Взялся за грудь – говори что-нибудь
Патрон шедевра
Соков Леонид (1941-2018)
Взялся за грудь – говори что-нибудь
1974
Размер - 20 x 49 x 30
Материал - гипс
Инвентарный номер - НТ О-515
Дар Т.Б. Вендельштейн. 2014
После окончания МСХШ в 1961 году, а затем – Строгановки (Московского высшего художественно-промышленного училища) в 1969-м, Леонид Соков, как и другие художники, столкнулся с необходимостью определения собственного выразительного пластического языка: «… я освобождался от классического наследия, которое в меня вколачивали ученики Александра Терентьевича Матвеева на протяжении многих лет обучения». Для некоторых примитивизм становился спасительным «противоядием» академическим шаблонам.
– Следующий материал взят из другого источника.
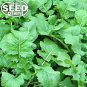 Premium Seven Top Turnip Seeds - 1,000 SEEDS NON-GMO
Но у Леонида Сокова, в отличие от его друзей, художников-нонконформистов, было бесспорное преимущество – его органическая связь с русским фольклором. Он родился в деревне Михалево Тверской (Калининской) области в 1941 году, уже после гибели его отца на войне. Мама ради спасения младшего сына от голода отправила его к двоюродным бабушкам – Марии и Анастасии. Образ бабушки Насти часто будет появляться в произведениях художника. Тексты писем («Письмо бабушки Насти», 1992, Третьяковская галерея) и народных заговоров будут воспроизводиться в картинах. Скульптуры-объекты «от сглаза» станут припоминанием ее практик знахарки, ведуньи. В детстве Соков впитывал в себя рассказы, байки, прибаутки, речевые обороты окружающих его людей. Да и фигура отца, которого он не знал в реальной жизни, предстала перед ним в виде деревенского мифа. Местные женщины пели частушки об этом весельчаке, мастере кадрили: «Полюбила Сокова – ростом невысокого».
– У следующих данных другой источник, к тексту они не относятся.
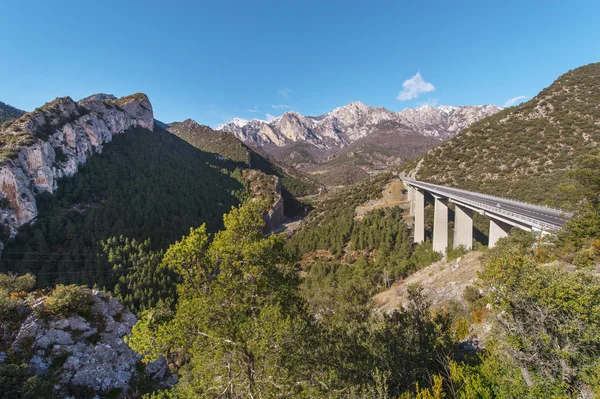 I Pyrenéerna — Stockfoto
«Взялся за грудь – говори что-нибудь» является убедительной визуализацией народной присказки. Грубоватому, немного вульгарному слогу вполне соответствуют пластические приемы. На одной из упругих округлостей лежит неуклюжая, с растопыренными пальцами, мужская рука. Поверхность гипса – шероховатая, с кавернами. Ощущается как в глине, в оригинале для будущего гипсового отлива, руки скульптора быстро, без выравнивания, лепили скульптуру, являющуюся буквально «фигурой речи». Немного хулиганская веселость таких объектов по воспоминаниям их первых зрителей в середине 1970-х вызывала «буквально рев хохота, все … качались и стонали, глядя на них» (Илья Кабаков).